▶ [HOW TO COMPLETE THIS TASK]: The whole listing is to be set down again without alteration.

╭─ EXCERPTED DATA

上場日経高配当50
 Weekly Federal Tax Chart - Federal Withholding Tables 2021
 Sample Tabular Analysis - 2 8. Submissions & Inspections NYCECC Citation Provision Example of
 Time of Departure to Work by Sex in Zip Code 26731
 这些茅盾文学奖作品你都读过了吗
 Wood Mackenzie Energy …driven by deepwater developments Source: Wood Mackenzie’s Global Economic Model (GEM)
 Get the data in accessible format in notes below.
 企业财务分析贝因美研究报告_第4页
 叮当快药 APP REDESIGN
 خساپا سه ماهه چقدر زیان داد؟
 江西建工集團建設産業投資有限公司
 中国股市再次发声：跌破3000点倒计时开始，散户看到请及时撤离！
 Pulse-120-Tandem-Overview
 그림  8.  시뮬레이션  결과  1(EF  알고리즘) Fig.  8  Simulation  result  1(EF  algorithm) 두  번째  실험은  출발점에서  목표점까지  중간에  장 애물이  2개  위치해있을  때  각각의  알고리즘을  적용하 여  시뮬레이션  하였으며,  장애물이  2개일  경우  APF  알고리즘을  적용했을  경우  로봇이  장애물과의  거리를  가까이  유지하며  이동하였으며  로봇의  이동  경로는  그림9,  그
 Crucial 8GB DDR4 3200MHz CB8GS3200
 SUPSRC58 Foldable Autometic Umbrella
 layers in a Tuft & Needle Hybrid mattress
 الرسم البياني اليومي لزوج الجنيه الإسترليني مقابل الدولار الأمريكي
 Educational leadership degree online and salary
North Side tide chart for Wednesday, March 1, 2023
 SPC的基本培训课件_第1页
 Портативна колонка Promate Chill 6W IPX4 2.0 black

╰─

▶ [WRITTEN SOLUTION]:
上場日経高配当50
 Weekly Federal Tax Chart - Federal Withholding Tables 2021
 Sample Tabular Analysis - 2 8. Submissions & Inspections NYCECC Citation Provision Example of
 Time of Departure to Work by Sex in Zip Code 26731
 这些茅盾文学奖作品你都读过了吗
 Wood Mackenzie Energy …driven by deepwater developments Source: Wood Mackenzie’s Global Economic Model (GEM)
 Get the data in accessible format in notes below.
 企业财务分析贝因美研究报告_第4页
 叮当快药 APP REDESIGN
 خساپا سه ماهه چقدر زیان داد؟
 江西建工集團建設産業投資有限公司
 中国股市再次发声：跌破3000点倒计时开始，散户看到请及时撤离！
 Pulse-120-Tandem-Overview
 그림  8.  시뮬레이션  결과  1(EF  알고리즘) Fig.  8  Simulation  result  1(EF  algorithm) 두  번째  실험은  출발점에서  목표점까지  중간에  장 애물이  2개  위치해있을  때  각각의  알고리즘을  적용하 여  시뮬레이션  하였으며,  장애물이  2개일  경우  APF  알고리즘을  적용했을  경우  로봇이  장애물과의  거리를  가까이  유지하며  이동하였으며  로봇의  이동  경로는  그림9,  그
 Crucial 8GB DDR4 3200MHz CB8GS3200
 SUPSRC58 Foldable Autometic Umbrella
 layers in a Tuft & Needle Hybrid mattress
 الرسم البياني اليومي لزوج الجنيه الإسترليني مقابل الدولار الأمريكي
 Educational leadership degree online and salary
North Side tide chart for Wednesday, March 1, 2023
 SPC的基本培训课件_第1页
 Портативна колонка Promate Chill 6W IPX4 2.0 black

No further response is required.